Sunday, July 6, 2014

Andrew Clemens

Andrew Clemens was born 1857 to German and Prussian parents who met on their way to the United States, settling eventually in McGregor, Iowa at the time of the gold rush. At five years of age Andrew contracted encephalitis nearly killing him and leaving him deaf.

As a teenager Andrew became enamored with the colored sands found at Iowa's Picture Rocks park where water derived from the Mississippi river charged with various minerals pass through limestones staining them a range of colors. 












Andrew brought home the sand and sorted the grains by size and color then began arranging them grain-by-grain inside glass bottles. Beginning with geometric shapes Andrew developed his craft, designed special tools for his art, and began creating extraordinarily detailed images with a great deal of subtlety in shading. The grains are not glued, rather, they are held in place inside the jars by pressure of tightly packed sand.


Andrew created images of George Washington on his horse, nautical scenes, flowers, local events, historical figures, flags, and geometric patterns, even words. At one point in his life Andrew worked for South Side Museum in Chicago creating designs with sand then smashing them to demonstrate there is no magic involved. But he received little recognition in his time. His genius largely unappreciated. It was not realized until later that Andrew actually invented a new art form and perfected it all by himself, and neither did Andrew himself seem to know his own art's worth. He sold his bottles for 50₵ to a few dollars. Now they are worth thousands. Many have been broken. Of the bottles that survived, not one grain has moved out of place. 






Andrew died of tuberculosis at age thirty-seven.

Odditycentral.com 

http://www.odditycentral.com/art/19th-century-artists-amazingly-detailed-sand-art-will-blow-your-mind.html

Google Images [Andrew Clemens sand art]

https://www.google.com/search?q=andrew+clemens+sand+art&safe=off&client=safari&rls=en&source=lnms&tbm=isch&sa=X&ei=fwO5U92uHsunyATovILgBA&ved=0CAgQ_AUoAQ&biw=1223&bih=589

16 comments:

edutcher said...

Astounding.

Eric the Fruit Bat said...

(1) I ate dinner last night at some place where George Washington supposedly ate, or slept, or beat his horse, or something or other. The staff encourages the patrons to have a look around and take it all in.

Arranged about, here and there, were various bric-a-brac, ornaments, knickknacks, trinkets, bibelots, gewgaws, gimcracks, tchotchkes and objets d'art.

None of it was nearly so nifty as what's on display here. So thank you for this post.

(2) In all fairness, I should add that the restaurant had some very beautiful art worthy of admiration, appreciation and perhaps even veneration. They were in charge of the hostess station, one of them having the nicest teeth I've ever seen.

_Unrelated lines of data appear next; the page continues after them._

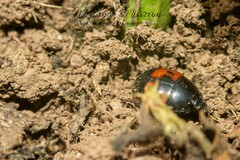 Hister bipunctatus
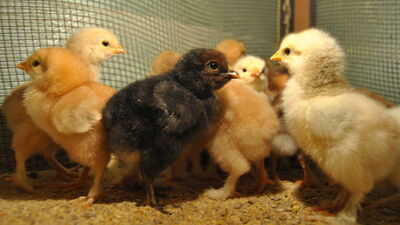 Maaş yerine civciv! "Utanç verici" deyip isyan ettiler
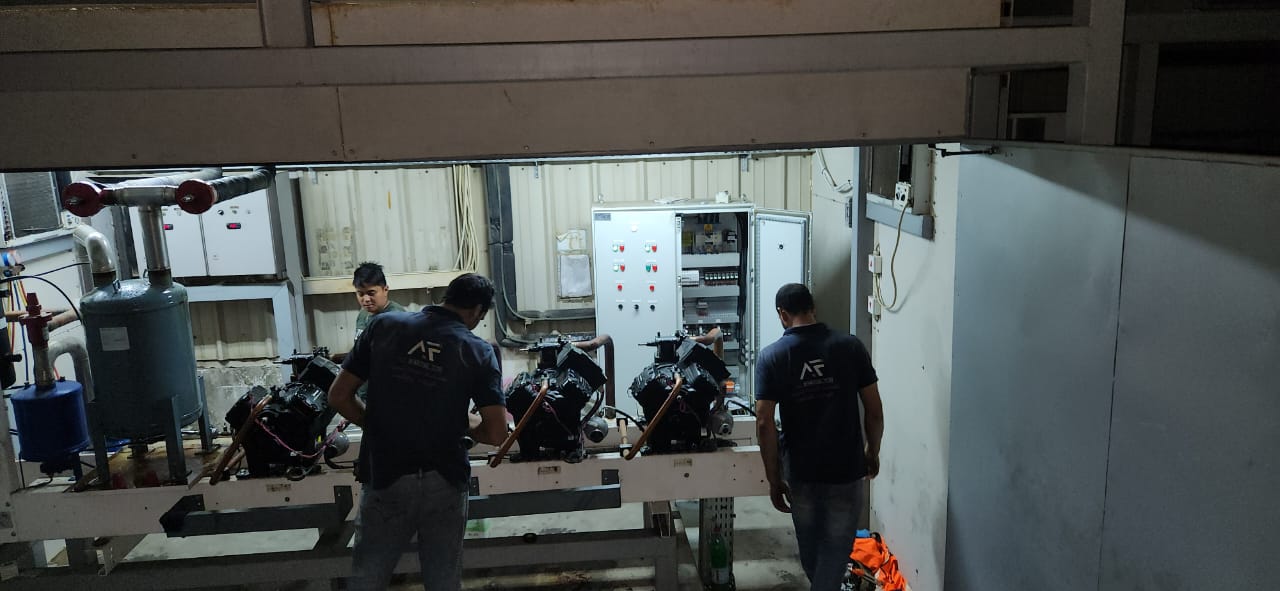 WhatsApp Image 2023-12-31 at 11.26.26 (3)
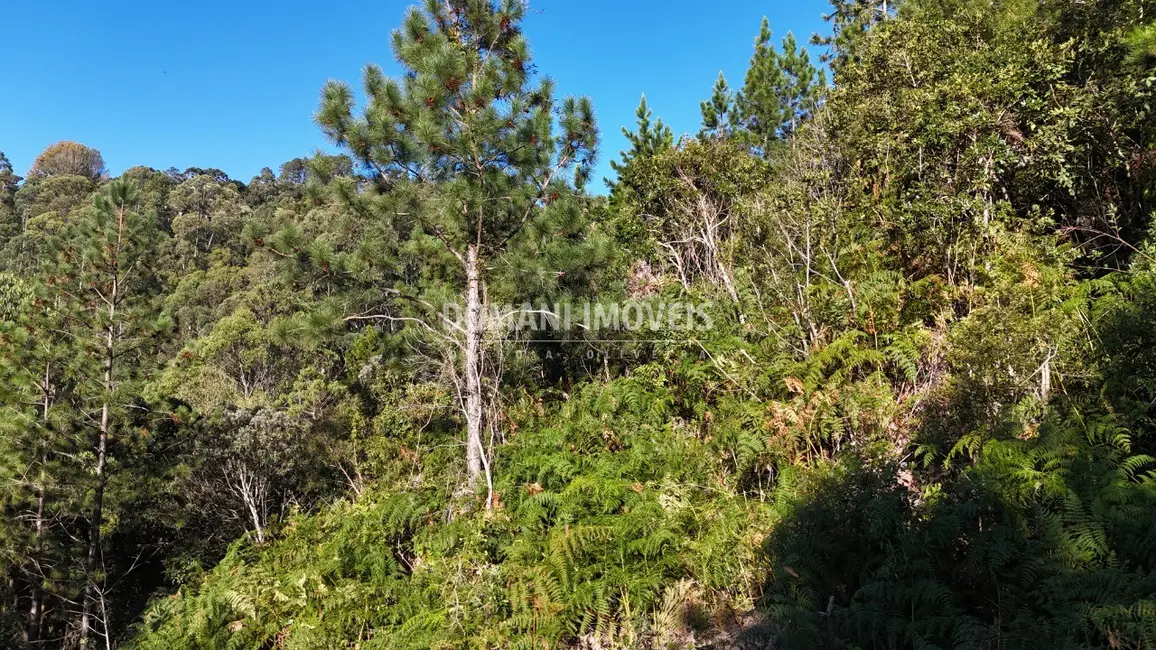 Terreno / Lote à venda, 4125m2 em Campos Do Jordao - SP - imagem 3 Foto 3 de Terreno / Lote à venda, 4125m2 em Campos Do Jordao - SP
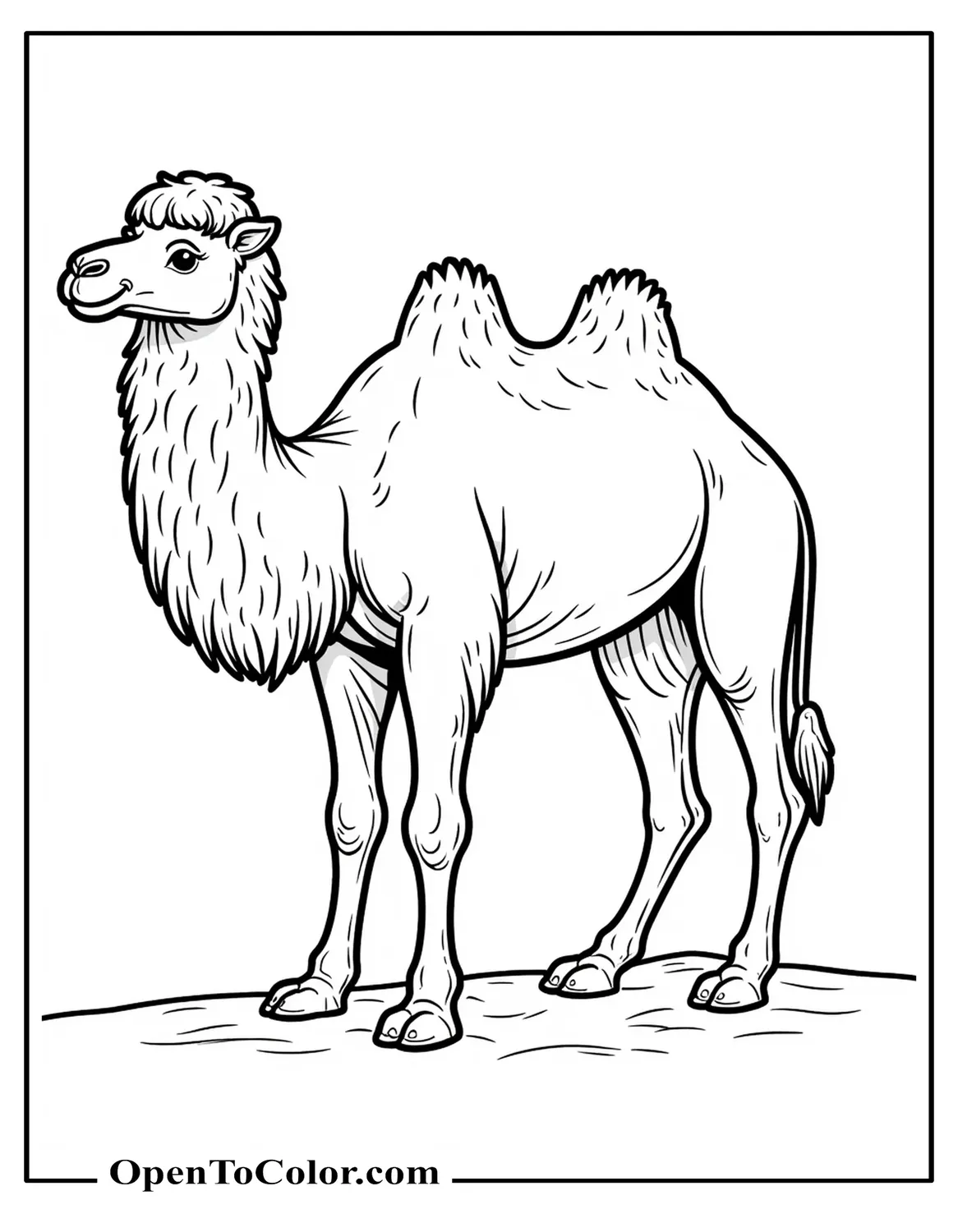 Bactrian Camel Coloring Page PDF With Two Humps And Shaggy Fur, Side View On Flat Sand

She was of college age with perfect posture, slender and athletic, wearing a white knit summer dress, she had to be a dancer, if not a goddess.

I was smitten, my boyish heart captured immediately and completely, and it never occurred to me that she might soon enough die of tuberculosis same as Mr. Clemens.

KCFleming said...

Beautiful and fascinating, making something durable out of sand, which has always served as metaphor for the transitory.

XRay said...

Exactly, 8:03. As I was going to say Tibetan sand mandalas in a jar. Such focus.

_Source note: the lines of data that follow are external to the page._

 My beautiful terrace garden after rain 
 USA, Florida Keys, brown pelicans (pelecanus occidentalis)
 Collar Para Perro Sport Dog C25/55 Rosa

Eric the Fruit Bat said...

Speaking of metaphors, my little brother had one of these.

He was pretty young at the time and everything he made pretty much looked like a pile of sand, if you take my meaning.

chickelit said...

Fascinating link and story, Chip.

Unknown said...

what amazing talent.

chickelit said...
This comment has been removed by the author.
chickelit said...

These creations are highly unstable thermodynamically, and their assembly has a large negative ΔS (entropy) of formation. In other words, there is virtually nothing holding them together chemically; their arrangement is purely an act of overcoming disorder. In my view, they are extreme in that way, perhaps as much as an ice sculpture out doors on a blazing hot day.

The Dude said...

And yet, the mood abides.

deborah said...

Oh, I'm so jaded.

But how does the sand against the glass remain in place? Is the design all the way through, in layers?

rcocean said...

Dead at 37, yet Norman Lear still lives. Truly there is no God.

I'm Full of Soup said...

1- That is amazing work. It is astounding to me.

2- And it brings to mind the Dennis Miller bit about Joe Biden seeing a ship in a bottle and asking "how they got it into the bottle?!"

Trooper York said...

Another great and unique post Chip.

How did he do that portrait of General Washington.

Aridog said...

You must know it is a great post when I mostly keep my yap shut :-)

Methadras said...

My God. I had no idea a human being with talent like this existed. Wow!!! is all I can say.